(Collected data)
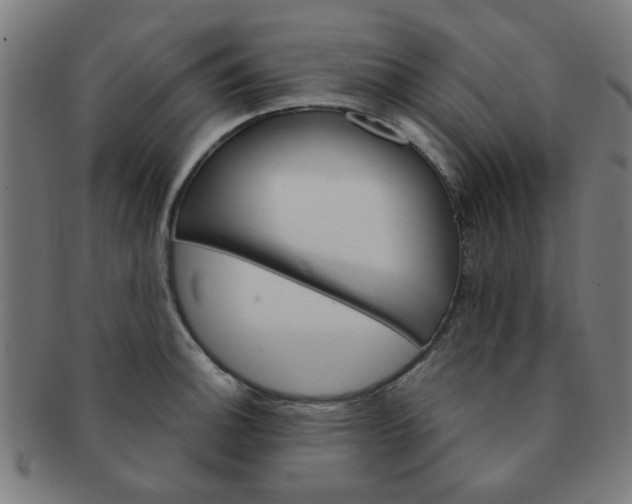 X0000091361140200708241304
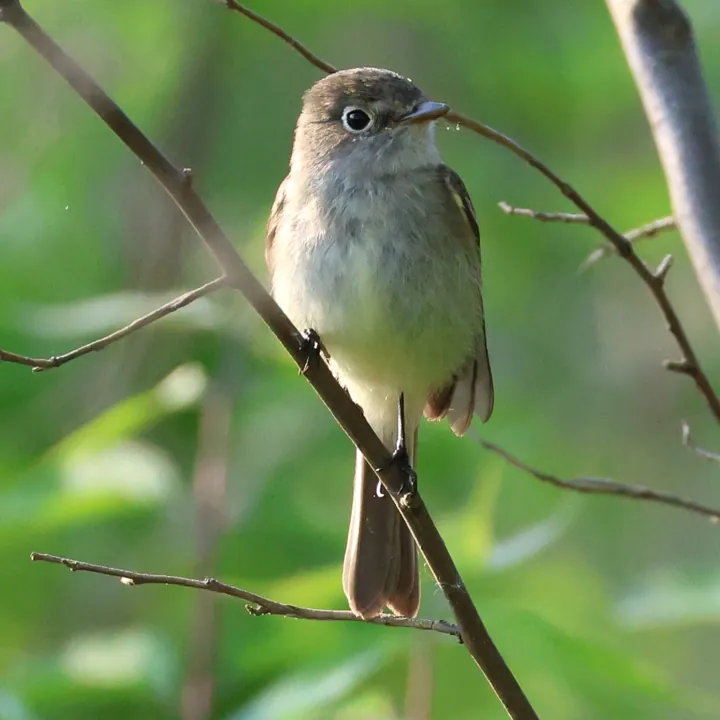 Least Flycatcher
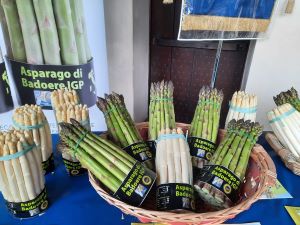 Mostra asparago di Badoere 2023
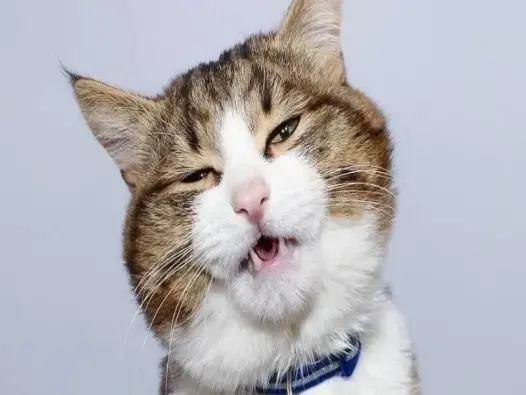 Bộ sưu tập ảnh meme mèo cười dễ thương khó cưỡng lại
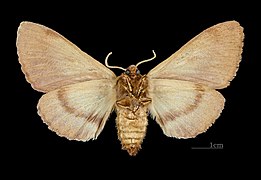 Female underside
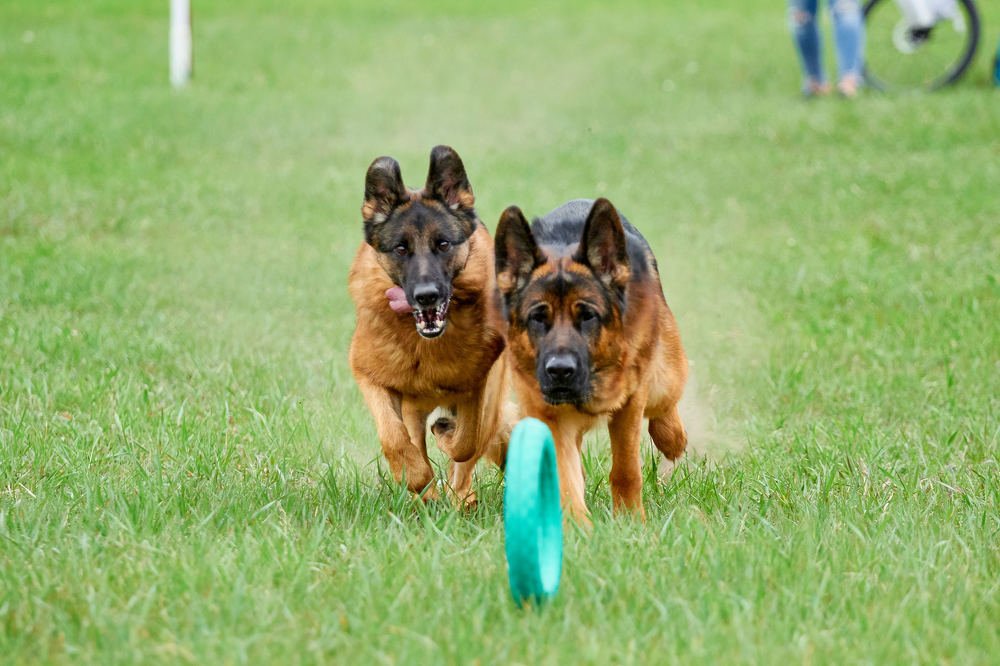 Photograph by Константин Кузнецов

→ Work instructions: Where the line with "Mostra asparago di Badoere 2023" appears, begin there and transcribe exactly through the last line of the data, leaving all pictures aside.

→ Expected output:
 Mostra asparago di Badoere 2023
 Bộ sưu tập ảnh meme mèo cười dễ thương khó cưỡng lại
 Female underside
 Photograph by Константин Кузнецов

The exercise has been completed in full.